L’Union Européenne semble de plus en plus envisager une politique d’externalisation de la migration, et ce nouveau Pacte sur l’Asile et la Migration paraît s’ancrer dans cette tendance. La délégation des responsabilités européennes à l’égard des migrants extra-européens trahit l’inefficacité et le manque de confiance des institutions européennes. Centre décisionnel en matière de défense, d’économie et de santé, ces institutions décident pourtant de détourner le regard d’une question qui agite le débat, les et l’inquiétudes au sein de ses populations. La question est instrumentalisée par l’extrême droite qui place ce problème au cœur de ses campagnes électorales en France, en Italie, en Espagne et en Allemagne. Pourtant, le drapeau bleu aux étoiles jaunes missionne les autorités libyennes, connues pour leur manque de scrupule, pour patrouiller aux frontières méditerranéennes de l’Europe et surveiller les départs d’Afrique du Nord.

LE SCANDALE LYBIEN

C’est l’agence de surveillance Frontex qui se charge depuis 2018, de lancer ses avions et ses drones, au service de l’UE. Et pourtant, les autorités libyennes en bénéficient aussi, bien qu’elles ne soient pas censé pouvoir avoir directement accès aux renseignements de l’agence, réservée aux états membres. Différentes ONG se sont rendu compte de cette anomalie lors de la publication d’une dizaine d’image de surveillance sur les pages Facebook des gardes côtes libyens entre 2018 et 2021, ayant notamment servies à intercepter des embarcations. Le 8 mai 2019, les Aéronefs de Frontex ont donc mis à la disposition de ces gardes côtes, des informations sur la localisation d’une embarcation transportant 70 personnes.

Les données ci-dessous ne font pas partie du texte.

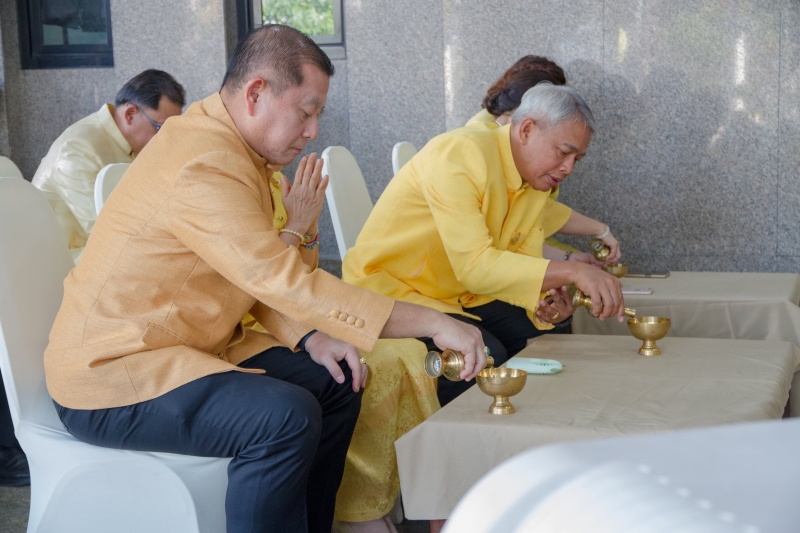  พิธีทำบุญตักบาตรข้าวสารอาหารแห้ง คณะสงฆ์จำนวน 9 รูป จากวัดบวรนิเวศวิหาร พระอารามหลวง เพื่อน้อมอุทิศถวายเป็นพระราชกุศลแด่  พระบา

Coupables d’actions violentes et dangereuses documentées par le rapport du Conseil de Sécurité de l’ONU, allant jusqu’à la traite d’être humain et la torture, les Libyens n’ont aucune limite dans leur méthode. C’est alors l’Union Européenne qui est tenue pour moralement responsable par les ONG. « Quand on délègue un travail ou une mission, on ne peut pas s’assurer qu’il est fait correctement. Quand c’est à un employé pour gagner plus d’argent je veux bien, mais quand c’est un devoir moral qui impacte la vie de milliers de gens, il faut prendre ça au sérieux » expliquait désespérée, un membre de l’association SOS Méditerranée.

UNE UNION SOLIDAIRE ?

L’Union Européenne, encore plus depuis la mise en vigueur du Pacte sur l’Asile et la migration, s’assure de la sécurité de ses frontières, vise à correctement identifier et suivre les flux entrants, et se montre de plus en plus efficace quant à l’immigration irrégulière et la lutte contre la criminalité, tout en faisant de la solidarité entre pays membres une priorité. Pourtant les tendances d’externalisation de la question migratoire semblent faire défaut à la philosophie européenne et remettent en question les principes de « solidarité universelle envers ceux qui souffrent » évoqué par le président du Conseil Européen Charles Michel.